NASHVILLE, Tenn. (Oct. 20, 2003)—Bridgestone/ Firestone has sued an independent tire dealership for what the tire maker said was unauthorized use of its logos.
But the dealership, Nebraska Tire, contends it has had a relationship with Bridgestone/Firestone (BFS) since at least the early 1990s. The Firth, Neb.-based co-op dealership operates nine retail outlets, a wholesale division, and also sells various other brands.
In its suit, filed Aug. 22 in U.S. District Court in Nebraska, BFS said Nebraska Tire used the Nashville-based tire maker's trademarked fonts and logos without permission since Nebraska Tire is not an authorized dealer. BFS is seeking unspecified damages.
“We will not allow them to falsely imply that they are a dealer, that they carry our full line of tires, etc., and by doing so possibly take business away from our authorized dealers,” a BFS spokesman said.
He maintained that the case is not part of an overall crackdown, unless other dealerships are found to be in violation. BFS recently settled in its favor with a Chinese company, KHH, in a similar case. But the suit against Nebraska Tire is believed to be the first one against an independent dealer in the U.S.
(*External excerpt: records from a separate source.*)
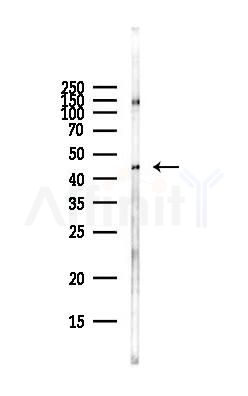 CXCR3 Antibody - Western blot analysis of lysates from HepG2 cells(heat-shock,45min treatment), using CXCR3 Antibody at 1/1000 dilution.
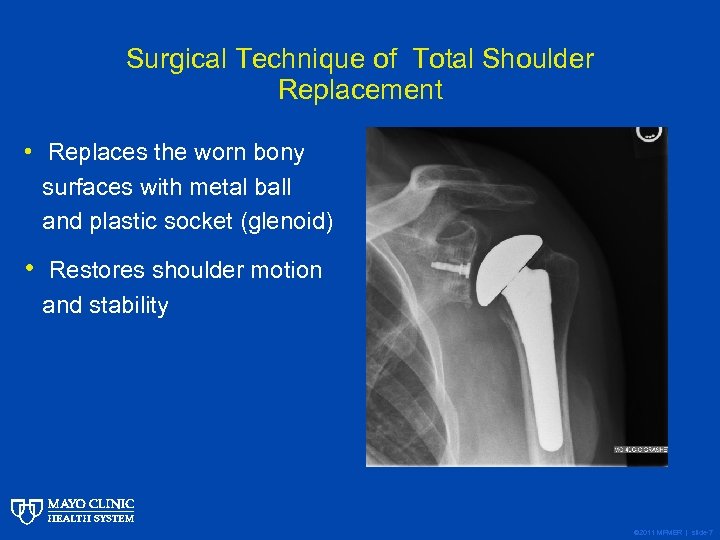 Surgical Technique of Total Shoulder Replacement • Replaces the worn bony surfaces with metal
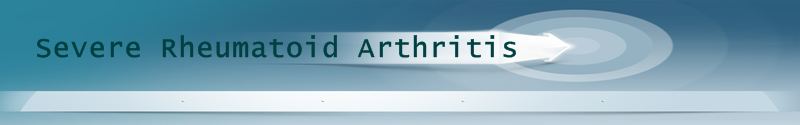 Welcome to Severe Rheumatoid Arthritis information source about Rheumatoid Arthritis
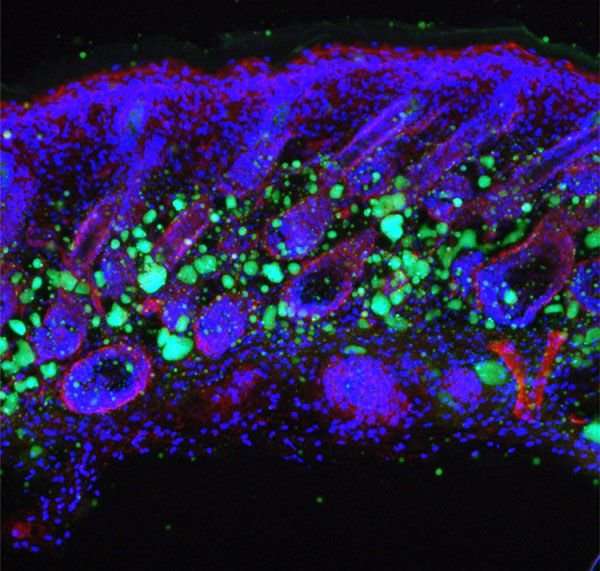 Sur cette image, des cellules de peau en bleu et des cellules adipeuses en vert. Celles-ci — en plus de donner à la peau un aspect jeune — constituent une barrière qui empêche les bactéries de pénétrer dans le corps. © Université de Californie à San Diego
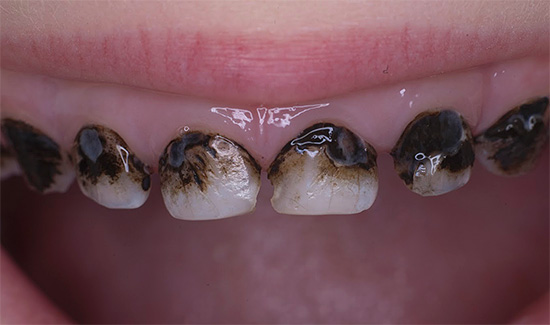Viene mostrato un esempio di denti dopo l'argentatura: devi concordare sul fatto che non sembrano molto belli.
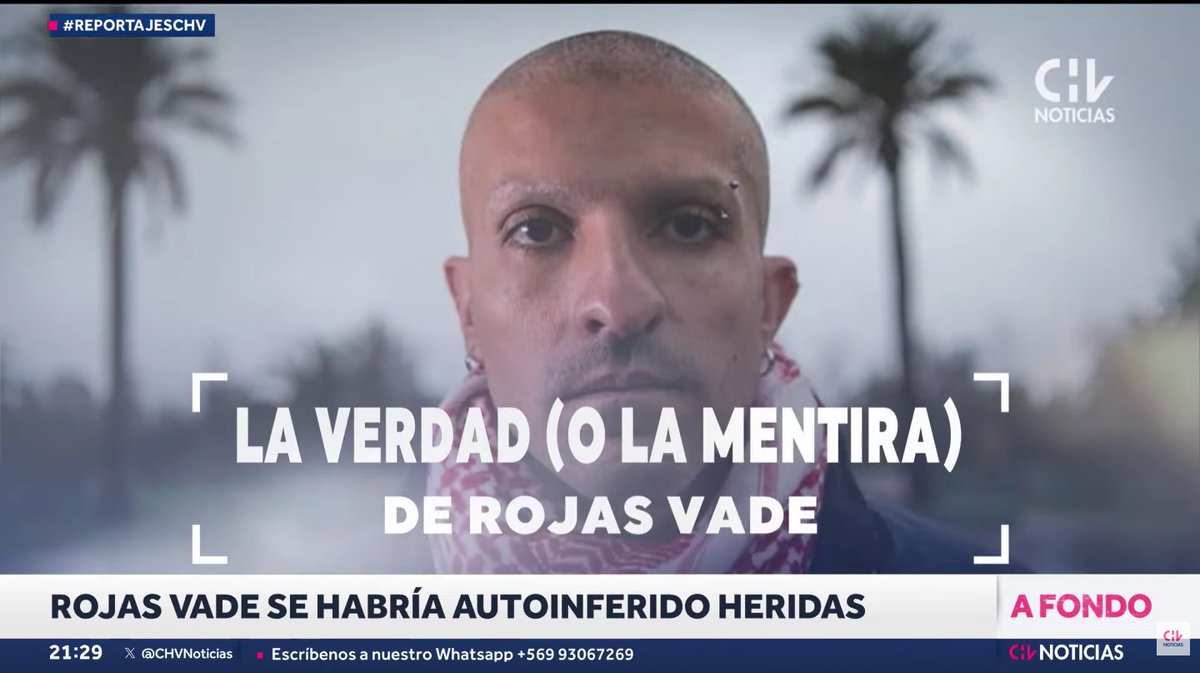 En CHV señalan que Rojas Vade (simbolo del octubrismo) se habría auto agredido y habría escrito mensajes para culpar a la derech.

Donde están los termocéfalos de la izquierda y el senador comunista Daniel Núñez que culpaban a la derecha?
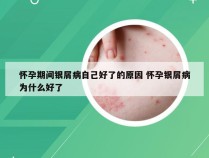 怀孕期间银屑病自己好了的原因 怀孕银屑病为什么好了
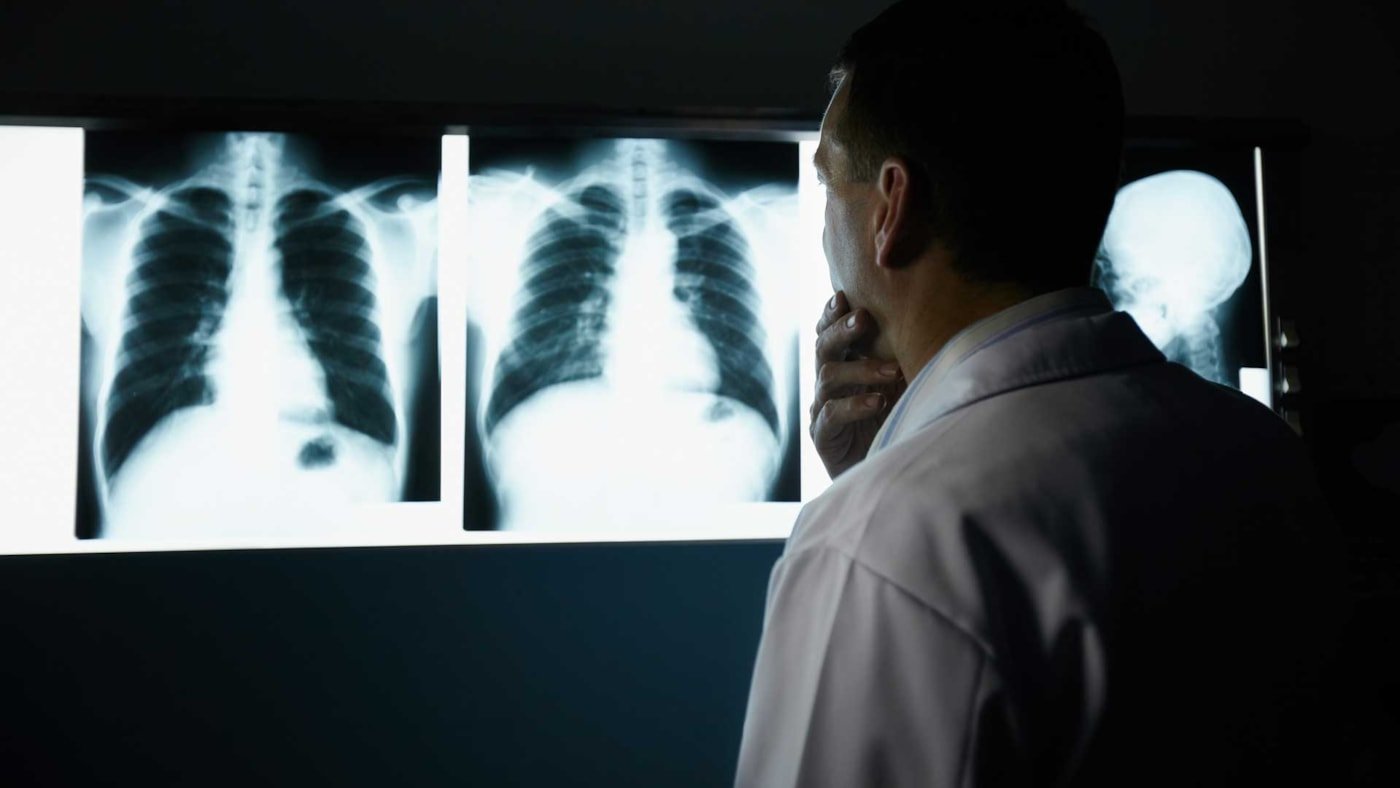 Illustrasjon av røntgen av lunger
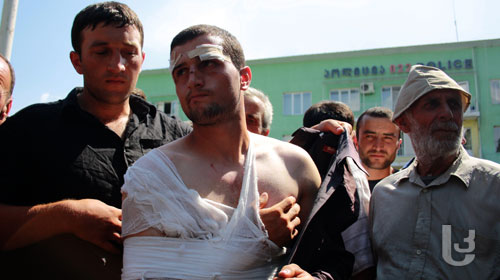 Injured during clashes with police (Samkhretis Karibche)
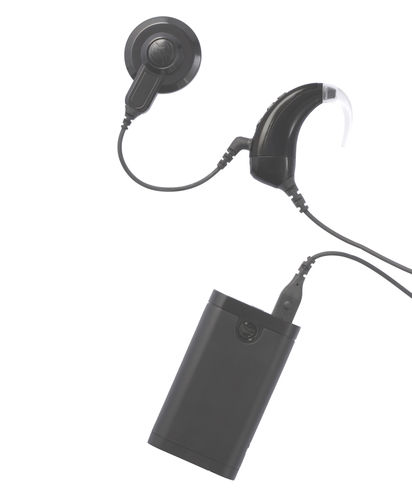 Hinter-dem-Ohr-Prozessoren-Cochleaimplantat - Hangzhou Nurotron Biotechnology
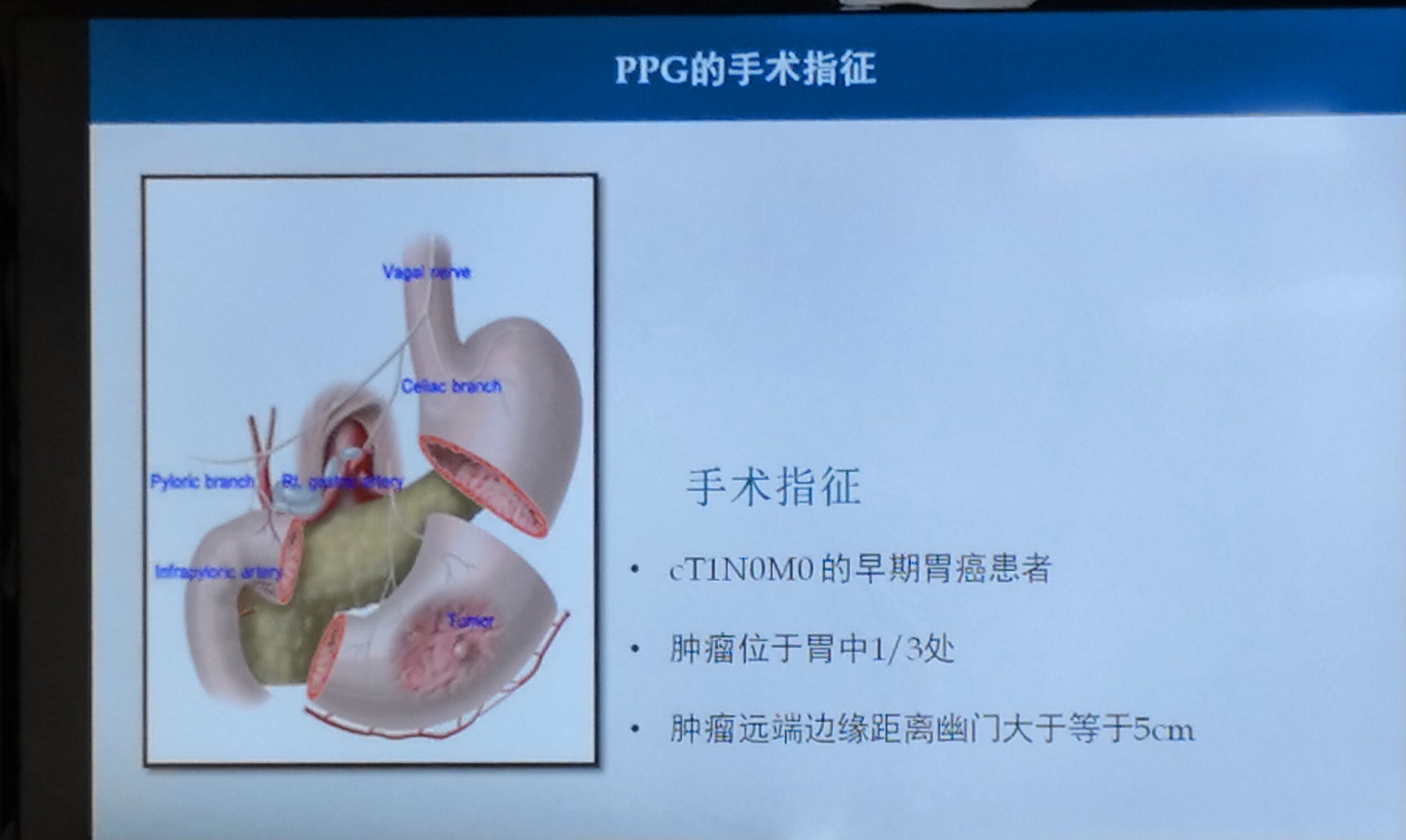 早期胃體癌的保胃腹腔鏡手術治療_胃癌_胃癌治療方式 - 好大夫在線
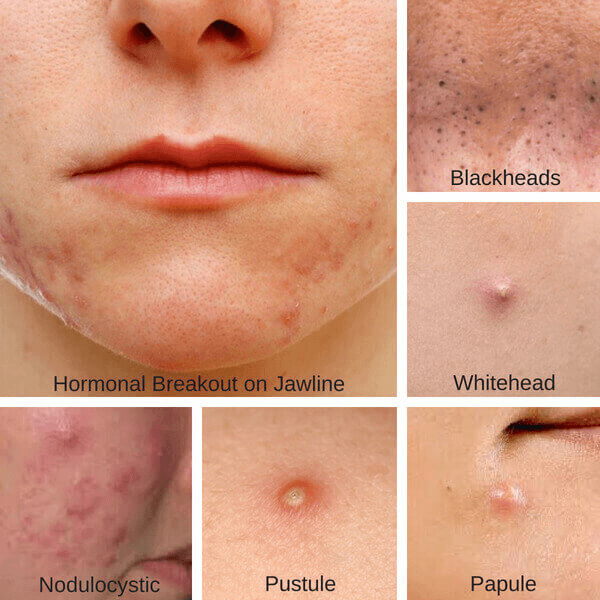 Types of Acne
Tim Engler, an attorney in Lincoln, Neb., representing Nebraska Tire, said the dealership had sold Bridgestone/Firestone products in the past as part of a long-standing relationship. He said the extent and technical longevity of that relationship is at the crux of this case.
“That's one of the things that will have to be addressed as part of the lawsuit,” he said.
In its court filing, BFS said Nebraska Tire was never a link in its authorized dealer chain, and the spokesman said he could not find any record of the dealership being in the network since at least 1982. In 2001, BFS demanded the dealership cease use of the logos but the tire maker said the company continued to use them.
BFS provided a snapshot of Nebraska Tire's Web site from June 30, which had brand logos including Bridgestone, Firestone, Michelin, Yokohama, Goodyear and Cooper.
When Tire Business visited the site Sept. 5, the Bridgestone/Firestone logos were removed, but the others remained. By Oct. 2, all brand logos were gone, replaced by a note asking customers to call about the selection of tires.
Mr. Engler said Nebraska Tire had made the changes to the Web site until the court case is resolved. He said he is not aware of any other manufacturers getting involved in the lawsuit.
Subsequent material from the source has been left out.